Meski pemerintah sudah mengupayakan berbagai akses untuk penyandang disabilitas, Ami, panggilan akrabnya, mengungkapkan masih banyak tantangan bagi difabel untuk bisa terpenuhi hak-haknya dalam dunia kerja, baik formal maupun informal.
“Apa pun disabilitasnya dan ragam disabilitasnya, mereka bisa mandiri ke depannya. Karena kita tidak bisa selamanya bergantung dengan orang,” ucap Ami.
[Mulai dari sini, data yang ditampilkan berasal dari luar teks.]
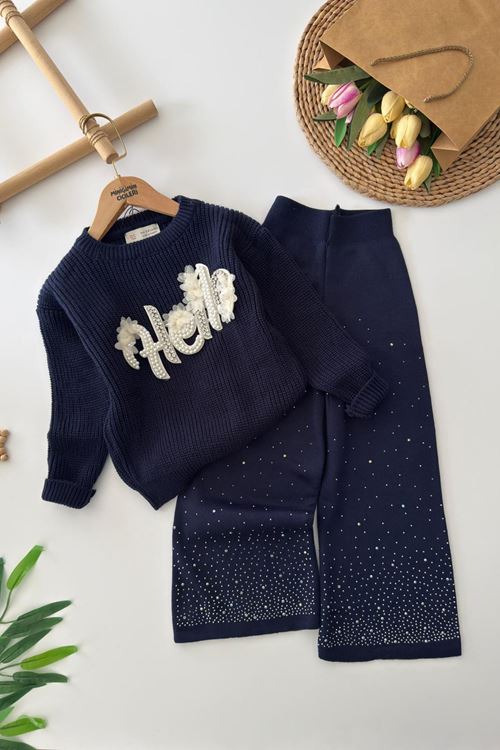 Miniğimin Cicileri Taşlı Hello Yazı Aplikeli Triko Kazaklı Kız Çocuk 2'li Takım - Lacivert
Di sisi lain, Ami menjelaskan bahwa program pelatihan barista ini dirancang untuk memberikan kesempatan yang sama bagi semua penyandang disabilitas, apa pun jenisnya.
“Kami membuka kesempatan bagi teman-teman dengan disabilitas untuk mengembangkan keterampilan di bidang barista, dan tentunya kami memberikan pelatihan yang disesuaikan dengan kemampuan masing-masing,” kata Ami.
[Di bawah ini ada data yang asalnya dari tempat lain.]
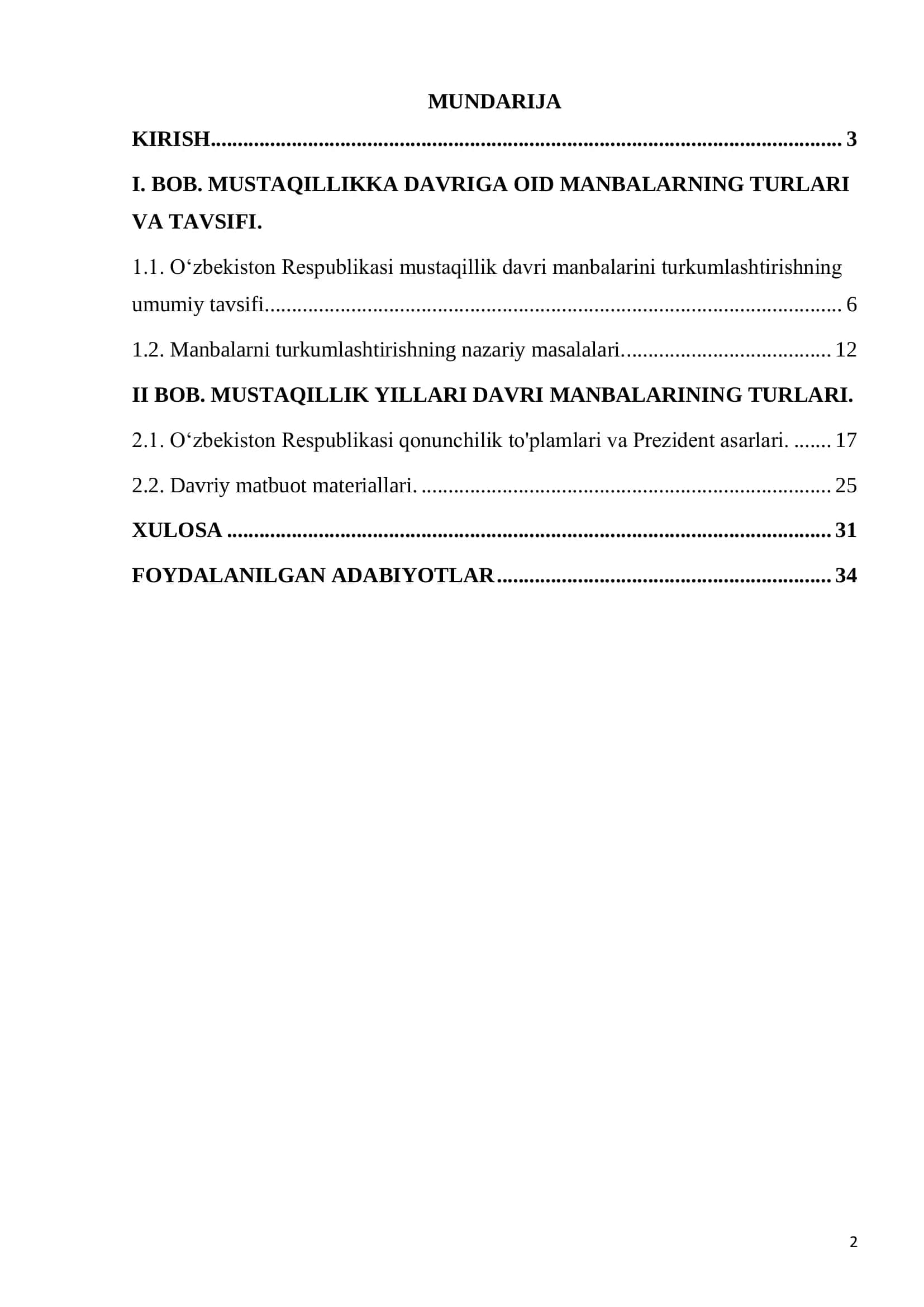 Oʻzbekiston Respublikasi mustaqillik yillariga oid manbalarni turkumlashtirish muammolari. 2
Menurut dia, YAKKUM telah mengadakan pelatihan barista untuk ke-6 kalinya. Setiap tahunnya, mereka membuka kesempatan bagi difabel untuk mengikuti pelatihan, dengan biaya akomodasi dan makan ditanggung sepenuhnya oleh yayasan.
“Kami membuka pendaftaran untuk pelatihan barista, dan dari 23 pelamar, hanya empat yang terpilih, karena kami ingin memastikan mereka yang terpilih benar-benar serius dan siap mengikuti pelatihan,” jelas dia.
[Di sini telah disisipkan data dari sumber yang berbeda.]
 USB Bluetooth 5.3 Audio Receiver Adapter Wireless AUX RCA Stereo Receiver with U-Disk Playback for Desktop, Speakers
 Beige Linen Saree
Sebelum memulai pelatihan, peserta menjalani proses asesmen dengan tim medis dan psikososial untuk memastikan mereka mampu mengikuti pelatihan sesuai dengan kondisi fisik dan psikologis masing-masing. Pelatihan pun diisi oleh Eko Sugeng, salah seorang barista senior di Kafe Cupable. Eko merupakan penyandang difabel fisik yang berhasil membuktikan keterampilannya menjadi barista, meski kedua lengannya diamputasi.
Pelatihan barista bukan hanya soal teknik meracik kopi, tapi juga tentang membekali difabel dengan keterampilan yang dapat mereka gunakan untuk meraih kemandirian finansial. Pihaknya tak hanya mengajarkan cara membuat kopi, tapi juga keterampilan lunak lain seperti membuat curriculum vitae (CV), wawancara kerja dan bagaimana mengelola usaha kecil. Itu semua, kata Ami, penting untuk meningkatkan kepercayaan diri mereka.
Kafe Cupable sendiri, yang didirikan dengan visi inklusi, juga menjadi simbol dari keberhasilan program pelatihan ini. Nama "Cupable" mengandung pesan bahwa siapa pun, termasuk penyandang disabilitas, mampu menjadi barista yang siap menjalankan usaha mereka sendiri. Sejak didirikan pada 2004, Kafe Cupable telah menjadi tempat di mana difabel tidak hanya bekerja, tetapi juga belajar untuk berdiri di atas kaki sendiri.
Bagi Okta, pelatihan ini adalah langkah pertama menuju impian besar: membuka kedai kopi sendiri dan membuktikan bahwa keterbatasan fisik bukanlah halangan untuk meraih kemandirian. Kelak, jika rencananya mendirikan kedai kopi terwujud, ia juga ingin berbagi pengalaman pada yang lain. Ia ingin difabel di luar sana memiliki kepercayaan diri untuk mengembangkan diri dan memiliki bekal keterampilan untuk merambah dunia kerja.
“Enggak selamanya kita bisa dibantu orang, kan. Jadi selama kita bisa berusaha, ya kita harus mandirilah,” tutur dia.
Dan bagi YAKKUM, program ini adalah bagian dari komitmen mereka untuk terus membuka kesempatan dan menciptakan lebih banyak peluang bagi difabel untuk berkembang.
"Kami ingin teman-teman dengan disabilitas tahu bahwa mereka bisa mandiri. Kami ingin membuka keran selebar-lebarnya agar mereka bisa menunjukkan kemampuan mereka," ucap Ami.
Di masa depan, YAKKUM berharap bisa menambah lebih banyak pelatihan keterampilan sesuai minat difabel, seperti pelatihan memasak, untuk lebih memperluas peluang mereka di dunia kerja.